SUPPLIED MATERIAL:
⟨

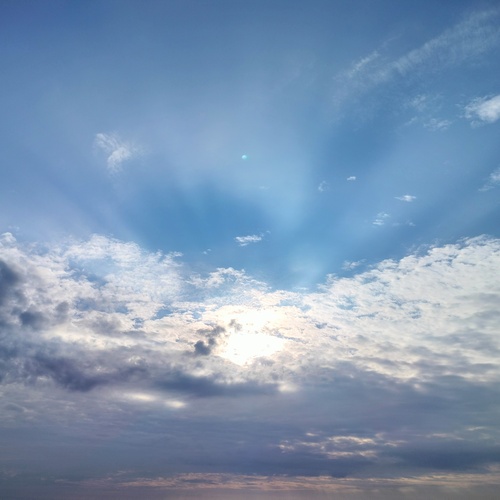 Photo #13790270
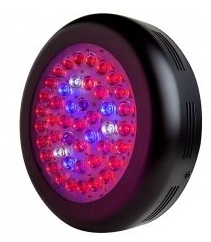 SUPER BRIGHT LEDS-GLB-84W-7B-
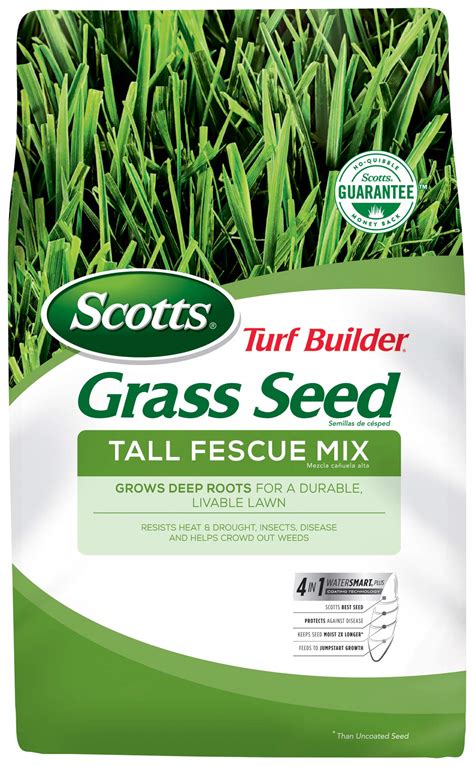 Scotts tall fescue - This grass seed mix is for large problem areas in your lawn and establishing new grass. Apply this lawn care product in the spring or fall when temperatures are between 60°F and 80°F. One 5.6 lb. bag of Scotts® Turf Builder® Rapid Grass Tall Fescue Mix has a new lawn coverage of 615 sq. ft. and an overseeding coverage of 1,845 sq. ft.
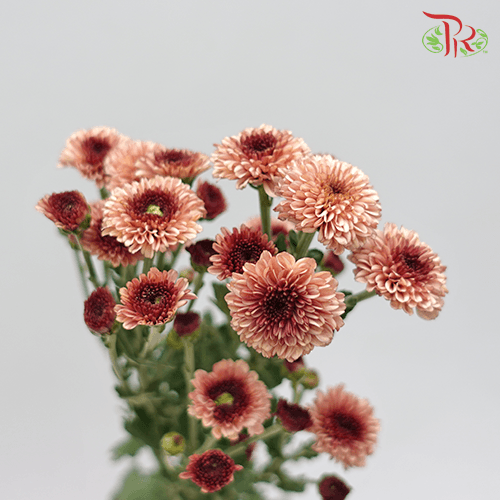 Chrysanthemum Pompom Button - Brown (12 stems)-Brown-Malaysia-prflorist.com.my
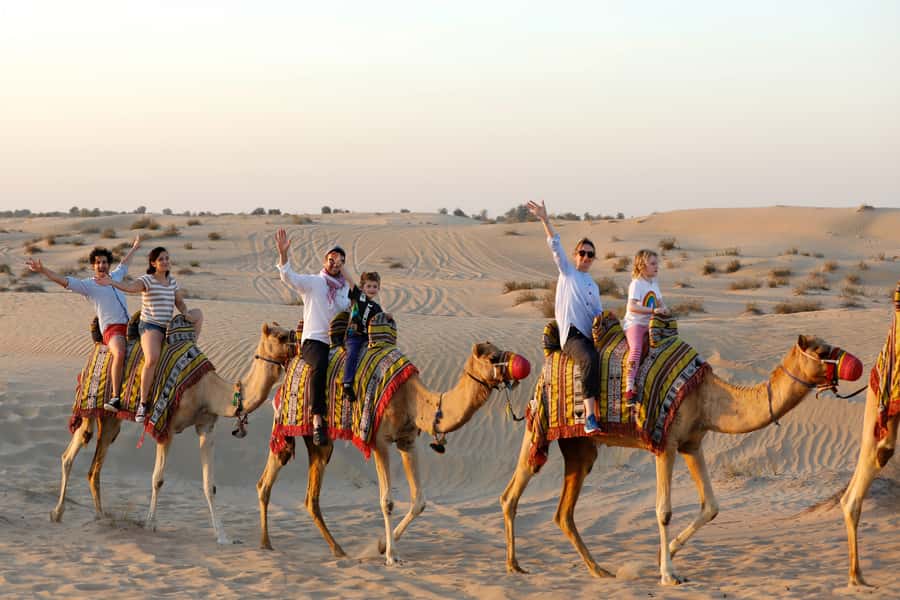 Dubai: Half-Day Camel Trekking with Al Marmoom Breakfast - Price and Value: What $95 Buys in 5 Hours (and What It Doesn’t)
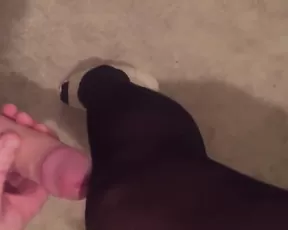 Bella BooX Heel Worship POV ManyVids Free Porn Videos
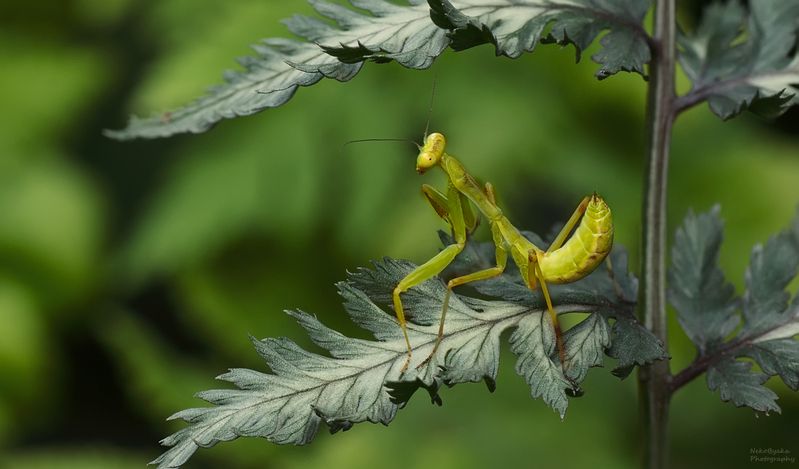 богомол, насекомые, природа, папоротник, лето, макро, praying mantis, insects, nature, fern, summer, macro, зеленое летоphoto preview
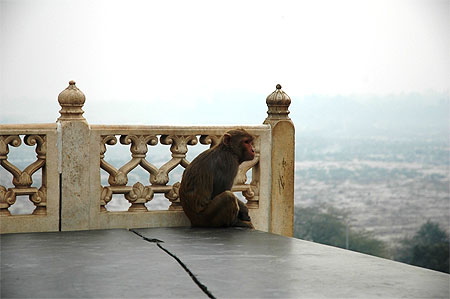 Singe pensif
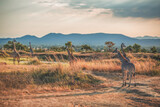 Fototapeta Konie - Wild African giraffes at sunrise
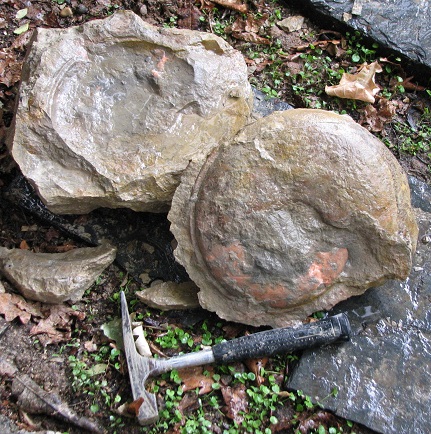 Limpieza ammonites en roca. Hl_1b_pnt_zps5163bfa1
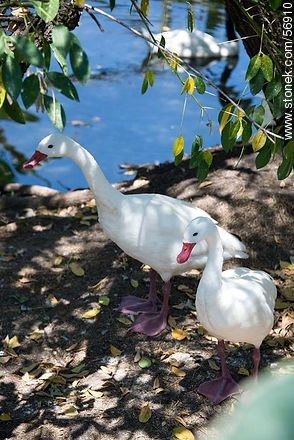 Domestic ducks - Flores - URUGUAY. Foto No. 56910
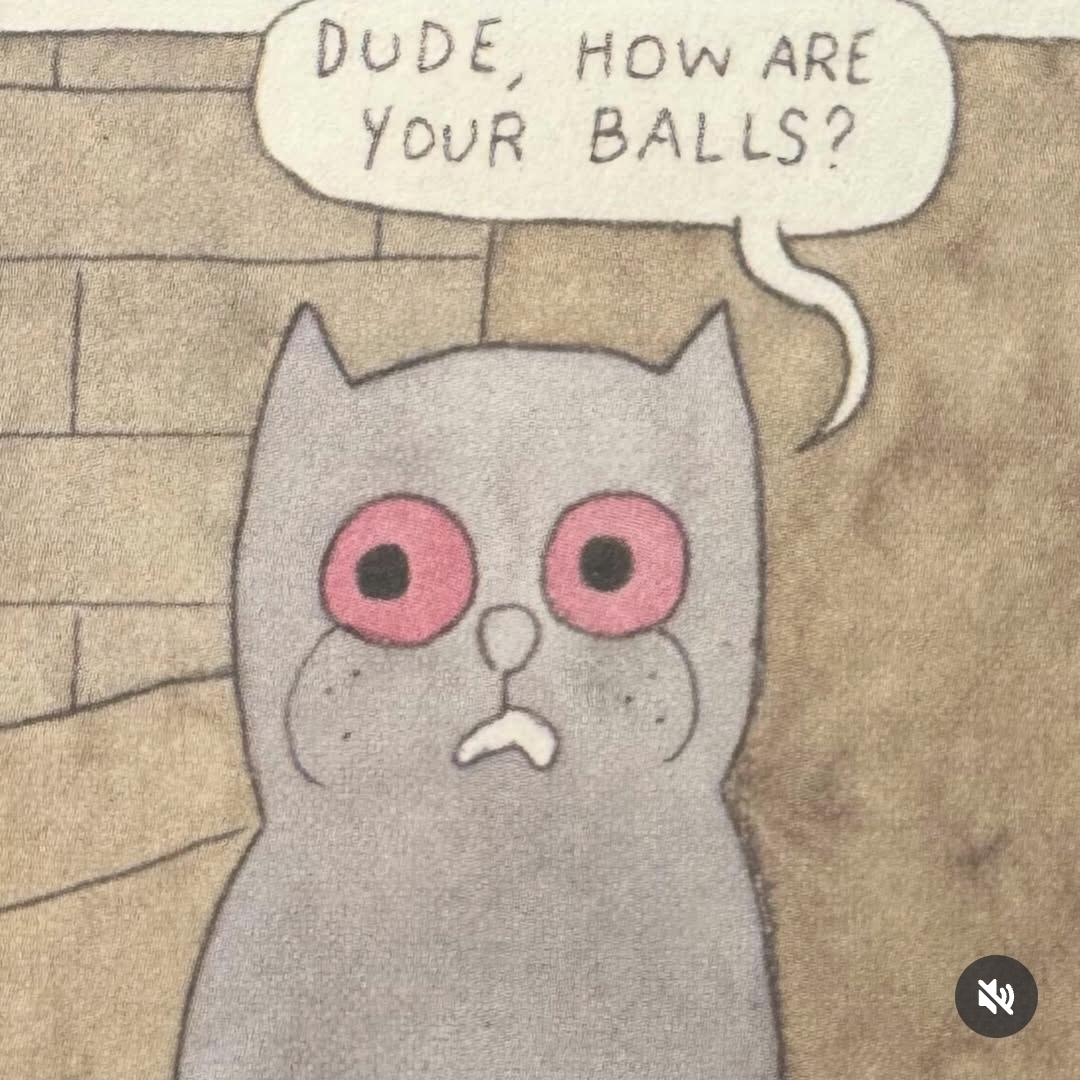Mogg the degen cat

⟩

TO DO: What is needed is an exact retyping of the lines from the start of the data through the line with "Scotts tall fescue", with both end lines kept and every picture left out.

RESULT OF THE EXERCISE:
 Photo #13790270
 SUPER BRIGHT LEDS-GLB-84W-7B-
 Scotts tall fescue - This grass seed mix is for large problem areas in your lawn and establishing new grass. Apply this lawn care product in the spring or fall when temperatures are between 60°F and 80°F. One 5.6 lb. bag of Scotts® Turf Builder® Rapid Grass Tall Fescue Mix has a new lawn coverage of 615 sq. ft. and an overseeding coverage of 1,845 sq. ft.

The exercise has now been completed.